Минна Штерн уселась позади Жозефа, напротив дяди Миртиля. Рядом с ней, против Гермины, поместился Гийом. Абрам пристроился у самой дверцы, рядом с Герминой. Элиза рядом с Гийомом. Она с очаровательной детской гримаской попросила уступить ей это место, «чтобы лучше все видеть». Вениамин взгромоздился на козлы и взял на колени Лору, а Жюстен ухитрился втиснуть свое худощавое тельце между мужчинами и примостился на самом кончике раскаленной скамейки.
Ипполит с Сарой и слышать не хотели ни о каких прогулках. Вместе с Яковом Штерном они из окна наблюдали за отъезжающими. Дядя Вильгельм Блюм заявил, что, учитывая состояние своих дел, он не может терять половину рабочего дня. Однако он обещал часам к пяти присоединиться к ним в лесу.
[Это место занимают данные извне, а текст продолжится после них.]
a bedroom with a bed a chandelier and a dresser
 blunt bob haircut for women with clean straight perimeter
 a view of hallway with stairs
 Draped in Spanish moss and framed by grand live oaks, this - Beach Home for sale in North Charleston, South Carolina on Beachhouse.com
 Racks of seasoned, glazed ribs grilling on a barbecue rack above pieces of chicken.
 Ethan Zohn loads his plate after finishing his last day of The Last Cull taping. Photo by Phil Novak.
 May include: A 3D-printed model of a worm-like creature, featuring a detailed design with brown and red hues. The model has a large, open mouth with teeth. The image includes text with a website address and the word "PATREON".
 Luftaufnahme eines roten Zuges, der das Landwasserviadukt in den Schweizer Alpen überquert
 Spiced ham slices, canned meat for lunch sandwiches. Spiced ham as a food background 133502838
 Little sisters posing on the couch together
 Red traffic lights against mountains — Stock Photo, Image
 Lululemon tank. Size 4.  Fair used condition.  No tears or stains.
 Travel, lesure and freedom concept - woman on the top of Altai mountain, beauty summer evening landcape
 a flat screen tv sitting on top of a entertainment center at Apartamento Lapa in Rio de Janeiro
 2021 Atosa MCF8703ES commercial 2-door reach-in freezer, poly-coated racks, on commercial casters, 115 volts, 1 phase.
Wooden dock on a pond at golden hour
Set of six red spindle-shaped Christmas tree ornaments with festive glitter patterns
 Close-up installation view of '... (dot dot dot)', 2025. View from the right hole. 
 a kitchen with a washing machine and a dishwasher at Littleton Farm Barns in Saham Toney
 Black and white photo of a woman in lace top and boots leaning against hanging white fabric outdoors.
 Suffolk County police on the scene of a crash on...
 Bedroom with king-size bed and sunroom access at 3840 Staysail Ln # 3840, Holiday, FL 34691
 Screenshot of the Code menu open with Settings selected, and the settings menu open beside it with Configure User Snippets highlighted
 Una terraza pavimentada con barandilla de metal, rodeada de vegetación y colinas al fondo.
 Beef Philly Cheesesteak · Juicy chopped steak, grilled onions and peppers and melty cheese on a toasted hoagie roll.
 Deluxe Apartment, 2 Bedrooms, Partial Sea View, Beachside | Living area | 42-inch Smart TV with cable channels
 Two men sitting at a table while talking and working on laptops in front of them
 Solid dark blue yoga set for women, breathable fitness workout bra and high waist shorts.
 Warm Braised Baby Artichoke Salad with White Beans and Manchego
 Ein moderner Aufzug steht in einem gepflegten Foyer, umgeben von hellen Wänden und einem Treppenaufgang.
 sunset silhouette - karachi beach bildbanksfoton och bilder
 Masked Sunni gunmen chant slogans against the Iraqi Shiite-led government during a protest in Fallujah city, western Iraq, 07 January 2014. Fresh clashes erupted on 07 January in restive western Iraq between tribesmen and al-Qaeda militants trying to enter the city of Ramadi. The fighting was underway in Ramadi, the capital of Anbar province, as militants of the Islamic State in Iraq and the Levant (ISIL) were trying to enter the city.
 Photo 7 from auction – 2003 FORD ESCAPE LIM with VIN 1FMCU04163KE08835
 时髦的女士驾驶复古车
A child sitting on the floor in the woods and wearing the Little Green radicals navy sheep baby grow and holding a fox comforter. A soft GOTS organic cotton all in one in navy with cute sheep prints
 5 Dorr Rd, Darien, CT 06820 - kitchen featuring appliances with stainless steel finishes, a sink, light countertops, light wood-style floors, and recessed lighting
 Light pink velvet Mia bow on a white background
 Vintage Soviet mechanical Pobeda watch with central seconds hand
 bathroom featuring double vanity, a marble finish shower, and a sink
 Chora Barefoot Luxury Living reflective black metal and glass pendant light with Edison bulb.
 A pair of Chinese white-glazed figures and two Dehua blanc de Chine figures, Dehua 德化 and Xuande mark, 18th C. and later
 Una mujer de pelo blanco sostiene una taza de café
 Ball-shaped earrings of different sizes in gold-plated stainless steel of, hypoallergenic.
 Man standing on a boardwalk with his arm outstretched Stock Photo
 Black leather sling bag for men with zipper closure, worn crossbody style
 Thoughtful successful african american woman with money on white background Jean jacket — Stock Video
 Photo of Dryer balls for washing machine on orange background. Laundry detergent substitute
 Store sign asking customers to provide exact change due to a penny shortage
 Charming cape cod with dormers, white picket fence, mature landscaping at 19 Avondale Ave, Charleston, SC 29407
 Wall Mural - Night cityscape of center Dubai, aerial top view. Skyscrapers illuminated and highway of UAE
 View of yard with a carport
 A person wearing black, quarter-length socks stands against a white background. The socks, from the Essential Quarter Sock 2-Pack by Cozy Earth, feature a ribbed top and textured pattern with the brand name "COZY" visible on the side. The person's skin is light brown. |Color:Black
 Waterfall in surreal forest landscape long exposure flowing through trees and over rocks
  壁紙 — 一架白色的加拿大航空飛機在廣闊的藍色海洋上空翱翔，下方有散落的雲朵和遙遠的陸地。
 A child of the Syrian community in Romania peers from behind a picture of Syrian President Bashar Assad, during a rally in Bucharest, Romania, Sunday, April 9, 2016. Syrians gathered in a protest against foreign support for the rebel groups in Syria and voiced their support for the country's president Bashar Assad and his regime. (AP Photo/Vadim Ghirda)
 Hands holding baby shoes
Кабриолет, осев на рессоры, врезался колесами в черную пыль, и на минуту всех охватило сомнение, может ли кляча стронуть его с места. Дети подняли дикий крик:
— Вперед! Эй, тащи, тащи!
Но дядя Миртиль быстро положил этому конец, скомандовав:
— Тише, дети! Тише!
Сам дядя Миртиль, в негнущемся, словно жестяном, рединготе и шелковом цилиндре, сидел, выпятив грудь и сложив руки на серебряном набалдашнике грушевой трости, как живое воплощение коммерческого благолепия.
Наконец колеса запрыгали по шоссе, и кабриолет исчез за поворотом. Тетя Минна, Элиза и Гермина еще долго махали старикам на прощанье платками, и даже Гийом махнул в их сторону рукой, не спуская, однако, глаз с дяди Миртиля и ловя каждое изменение в выражении его лица. Лукаво улыбаясь, дядя Абрам искоса наблюдал за всей этой сценой.
V
На подъеме, ведущем к вокзалу, кляча пошла шагом. Вениамин повернул к Жозефу насмешливое лицо.
— Ну что ж, фабрикант, значит, можно тебя поздравить?
— Можно, — коротко ответил Жозеф, не спуская пристального взгляда с лошадиного крупа.